Exercise goal:
Apart from the images, repeat the data below exactly as written.

Task material:

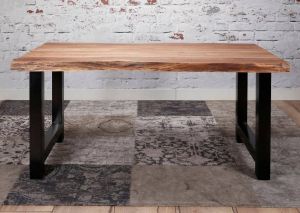 Zaloni Eettafel Boomstam 165 cm breed in massief acacia naturel
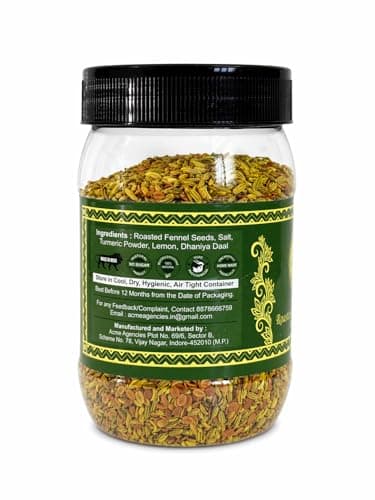 Jyoti Ben's Mukhwas - Roasted Fennel Seeds (Saunf) With Dhana Daal, 1 Count - 200 Gm — image 8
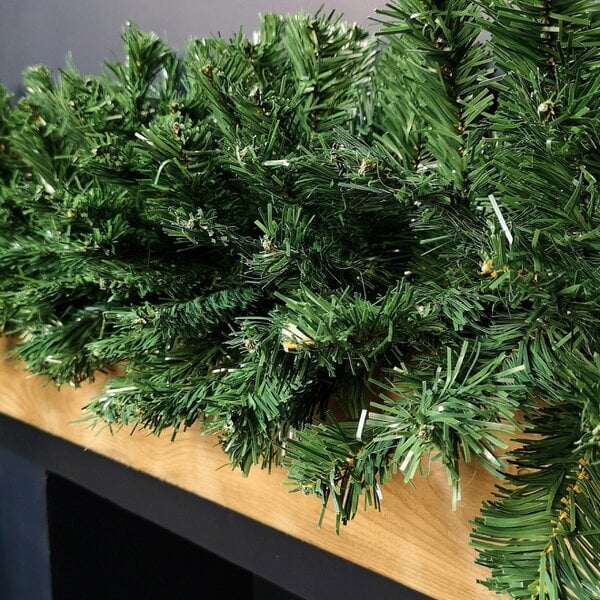 Samuel Alexander 2.7m (9ft) x 38cm Premier Luxury Extra Bushy Plain Green Christmas Garland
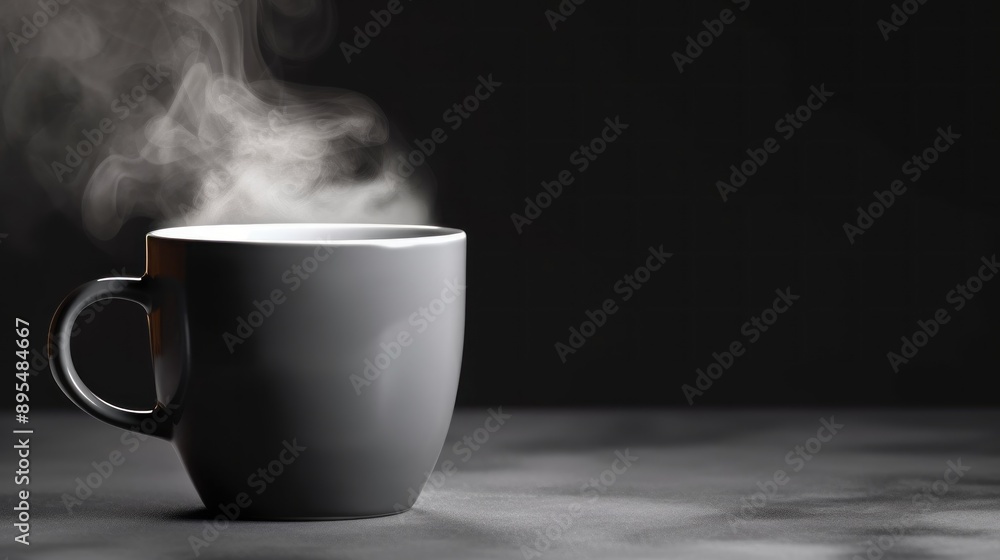 A Steaming Cup of Coffee A Steaming Cup of Coffee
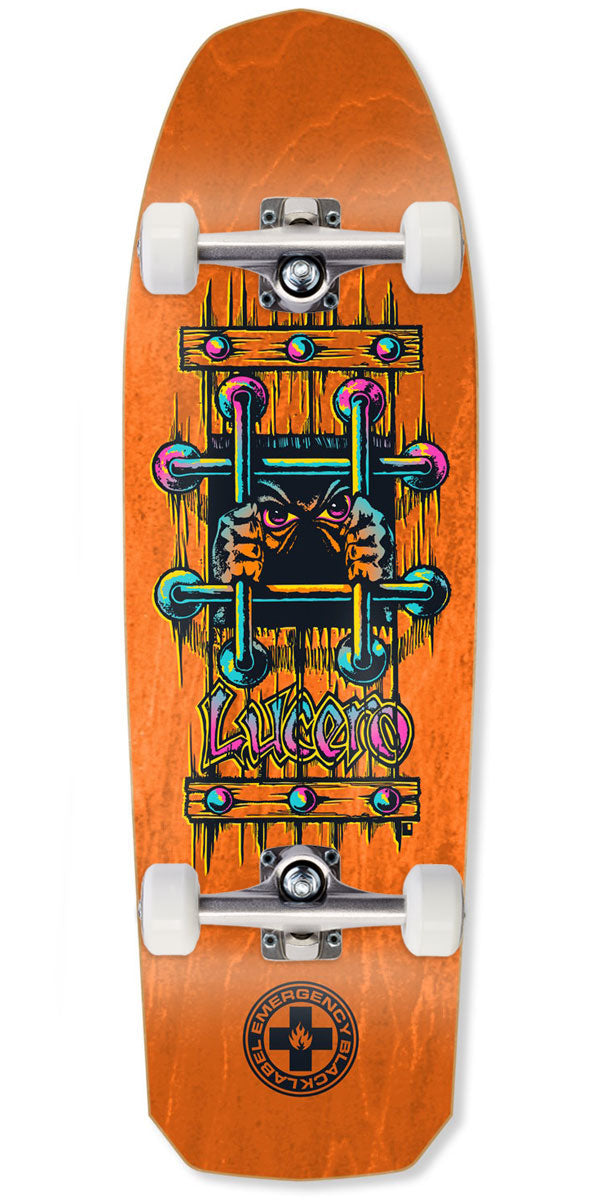 Black Label Lucero OG Bars Cross Shape Skateboard Complete - 10.00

Response for this exercise:
 Zaloni Eettafel Boomstam 165 cm breed in massief acacia naturel
 Jyoti Ben's Mukhwas - Roasted Fennel Seeds (Saunf) With Dhana Daal, 1 Count - 200 Gm — image 8
 Samuel Alexander 2.7m (9ft) x 38cm Premier Luxury Extra Bushy Plain Green Christmas Garland
 A Steaming Cup of Coffee A Steaming Cup of Coffee
 Black Label Lucero OG Bars Cross Shape Skateboard Complete - 10.00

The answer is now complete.